Three new notes for you:

1.5Y USD, BRC on HP, 8% guaranteed coupon

On 27th of February HP Inc missed its Q1 revenues target by USD 150 M. On the other hand, the company beat slightly its earning per share. As a result, the stock heavily dropped by 16.94% on the 27th of February. Still the company reiterates its FY19 guidance with EPS from USD 2.12 to USD 2.22. After the recent results, Bank of America downgraded HP Inc from Buy to Underperform and lowering the target from $ 30 to $19

Some investors believe that the stock drop was exaggerated, that the company should still have a good potential betting on the growth of the 3D printing industry (referred to by HP Inc CEO as the “Fourth industrial revolution). Qualified investors with some conviction on the stock and the industry could consider the recent peak of volatility as an opportunity to gain exposure to HP Inc either directly or via a structured strategy

The structure runs for 18 months, offering a guaranteed return of 8% p.a. The structure offers a capital protection thanks to a European barrier at 73% (equivalent at USD 16.95). Other alternatives are available (see below) on other names such as Tesla, Kraft… which have seen their stocks dropping last week

Product Parameters

Issuer rating A (rated by S&P)
Currency USD
Maturity 1.5 Year
Underlying HP inc. (HPQ UN)
Frequency Quarterly payment
Guaranteed coupon 8% p.a.
European barrier 72.84%
Investor Profil Neutral
Delivery Cash or Physical
Alternatives 1Y, Kraft, EU KI 70.92%, 8.00% p.a. guaranteed; 1Y, Tesla, EU KI 50%, 13.26% p.a. guaranteed; 1Y, WO: Tesla, HP, EU KI 50%, 14.52% p.a. guaranteed

Mechanism

Scenario 1:At maturity, HP up by 10%
Payoff:Qualified investors get 100% capital back + 2% coupon (8% p.a.). 10% coupon has already been paid (payout = 112%)

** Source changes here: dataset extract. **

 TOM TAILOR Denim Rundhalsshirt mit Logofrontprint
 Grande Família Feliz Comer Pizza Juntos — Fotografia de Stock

Scenario 2:At maturity, HP down by 5%
Payoff:Qualified investors get 100% capital back + 2% coupon (8% p.a.). 10% coupon has already been paid (payout = 112%)

Scenario 3:At maturity, HP down by 30%
Payoff:Qualified investors get 70% capital back + 2% coupon (8% p.a.). 10% coupon has already been paid (payout = 82%)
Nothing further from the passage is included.